Myanmar beefs up security
Security forces flooded western Myanmar Saturday to prevent further outbreaks of sectarian violence between Buddhists and Muslims which have left at least seven dead, according to state media.
- Published: 9/06/2012 at 10:29 PM
- Newspaper section: breakingnews
Police and military units deployed to Rakhine state - which borders Bangladesh - had "systematically controlled'' unrest, which erupted Friday and saw hundreds of Buddhist villagers' homes set ablaze, state television said.
"Stability has been restored since this morning.''
Unrest flared Friday when at least four Buddhists were killed in riots in Rakhine, home to large numbers of Rohingya, a stateless Muslim group described by the UN as one of the world's most persecuted minorities.
A second wave of violence swept through remote villages early Saturday, as more Rakhine homes were torched forcing villagers to flee to temporary shelters in Maungdaw town, according to government officials.
Seven people were killed, 17 wounded and nearly 500 houses destroyed during the two days of violence, the state media report said without elaborating on the identity of the victims.
Tensions have soared in Rakhine since 10 Muslims on a bus were killed by an angry Buddhist mob on Sunday, believing mistakenly that the perpetrators of the recent rape and murder of a Rakhine woman were onboard.
It was unclear what sparked the most recent outbreak of violence, with government forces and the Rohingyas trading accusations.
Myanmar, which considers the Rohingya as foreigners and not one of the nation's ethnic groups, has an estimated 750,000 Rohingya, living mainly in Rakhine, according to the UN.
Another one million or more are believed to live in exile in other countries.
Two government officials said armed Rohingya had burned Rakhine villages in the early hours of Saturday.
"They came from the neighbouring country by boats,'' one of the officials told AFP, speaking on condition of anonymity, and referring to Bangladesh.
State television later announced that navy ships had been patrolling Myanmar's waters since Saturday morning to head off any further boats carrying members of the Muslim minority.

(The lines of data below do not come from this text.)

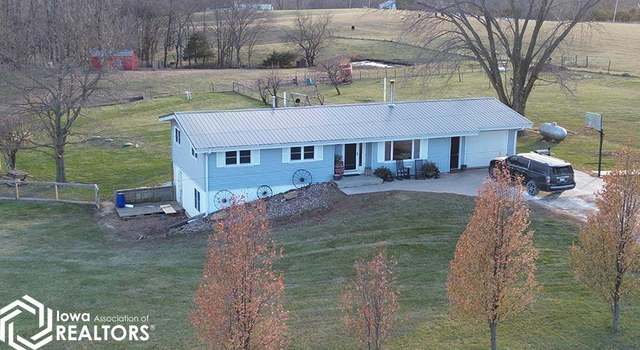 Photo of 22402 47th St, Blakesburg, IA 52536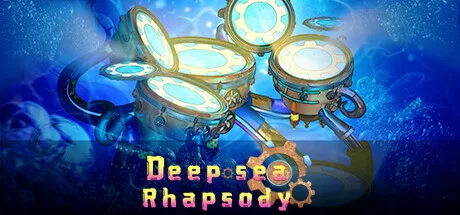 深海狂想曲 (Deep Sea Rhapsody)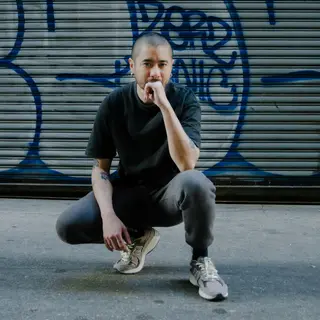 TRIPTYKH - Electronic DJ from Berlin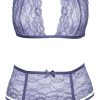 Suspender Set L/XL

Rohingya representatives said five of the ethnic group had been killed by government forces who then set fire to Rohingya homes.
"The violence started because security forces opened fire on a group of Rohingyas (on Friday),'' said Abu Tahay, head of the political bureau of the National Democratic Party for Development, which represents Rohingya.
Rohingyas claim decades of persecution by a government that they say views them with suspicion.
Activists say forced labour is common and Rohingyas face discriminatory practices including travel restrictions, limits on family size, and a refusal to issue them passports that leaves them effectively stateless.
Expressing "profound concern'' following the riots, Human Rights Watch deputy Asia director Phil Robertson said tension between Rakhines and Rohingyas had been stoked by a "systematic government policy'' to discriminate against the ethnic group.
Many in Myanmar view the Rohingya with hostility and believe they do not belong in the country.
"We want to say clearly that Rohingya are not one of the Myanmar ethnic nationalities,'' Ko Ko Gyi, a leader of so-called 88 generation student uprising told AFP.
"We do not accept any kind of terrorism. We have a duty to protect any Myanmar citizen that is harmed whatever their religion or ethnicity.''
The violence threatens to overshadow reconciliation efforts following a series of dramatic political reforms that came after the end of almost half a century of military rule last year.